A total of 153 authentic oolong tea samples of four typical types, including 44 HMT, 30 TGYT, 27 DDT, and 52 WRT were collected. The details of these samples and collection locations were listed in Supplementary Material Table S1.

2.3. Sensory evaluation

The sensory attributes of all samples were evaluated by a sensory panel comprising of five tea evaluation experts who have been officially qualified as senior tea evaluators. The sensory evaluation process, including sensory description and scoring, was performed according to the Tea Sensory Evaluation National Standard of China (GB/T 23776-2018). In specific, 5 g of oolong tea samples were accurately weighted into a 110 mL tea bowl. Subsequently, 100 mL of boiling demineralized water was poured into the tea bowl and brewed for 2 min. The tea infusion was then transferred to an inspection bowl. The residue tea leaves were brewed for two more times with the same procedure, and the three infusions were combined for sensory evaluation by the sensory panel. Results of sensory evaluation in terms of aroma attribute descriptors and scorings were recorded.
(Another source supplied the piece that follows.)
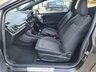 USED 2018 18 FORD FIESTA 1.0 ST-LINE 3d 99 BHP FULL SERVICE HISTORY - MOT 08/23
2.4. Volatile compounds extraction

The volatile compounds of all oolong tea samples were extracted with a previously reported HS-SPME method (Liu et al., 2022). Briefly, 0.1 g powdered oolong tea sample, together with 1.5 g NaCl and 20 μL 2-octanol (10 mg/L, as internal standard) were placed into an 18 mL headspace vial. Then, 5 mL boiling demineralized water was added into the vial to brew the tea infusion for 5 min. The vial was sealed with a silicone septum. Subsequently, the vial was kept in a 50 °C water bath for 10 min. Then, SPME fibers were inserted into the headspace of the vial for the extraction of volatile compounds for 50 min in the water bath. Next, the fibers were inserted into the gas chromatograph injector and thermally desorbed at 250 °C for 5 min.

2.5. GC–MS analysis

The volatile compounds were analyzed by using an Agilent 7890A gas chromatograph (Agilent, Palo Alto, CA, USA) equipped with HP-INNOWAX column (30.0 m × 0.25 mm × 0.25 μm, Agilent, USA), and coupled to an Agilent 5975C mass spectrometer (Agilent, Palo Alto, CA, USA). The temperature of the injection port was set to 250 °C; the injection mode was selected as splitless injection. The carrier gas was high purity He (purity >99.999%), and the flow rate was set to 1 mL/min. The temperature program used was as follows: initial column temperature 40 °C for 5 min; temperature ramp at 3 °C/min to 120 °C; further temperature ramp at 6 °C/min to 240 °C and held at 240 °C for 5 min, the post-run temperature was 240 °C, and the post-run time was 5 min. The temperatures of the ion source and quadrupole were 230 °C and 150 °C, respectively. The ion energy for electron impact was 70 eV, and the mass spectra were obtained in full scan mode from 35 to 450 amu.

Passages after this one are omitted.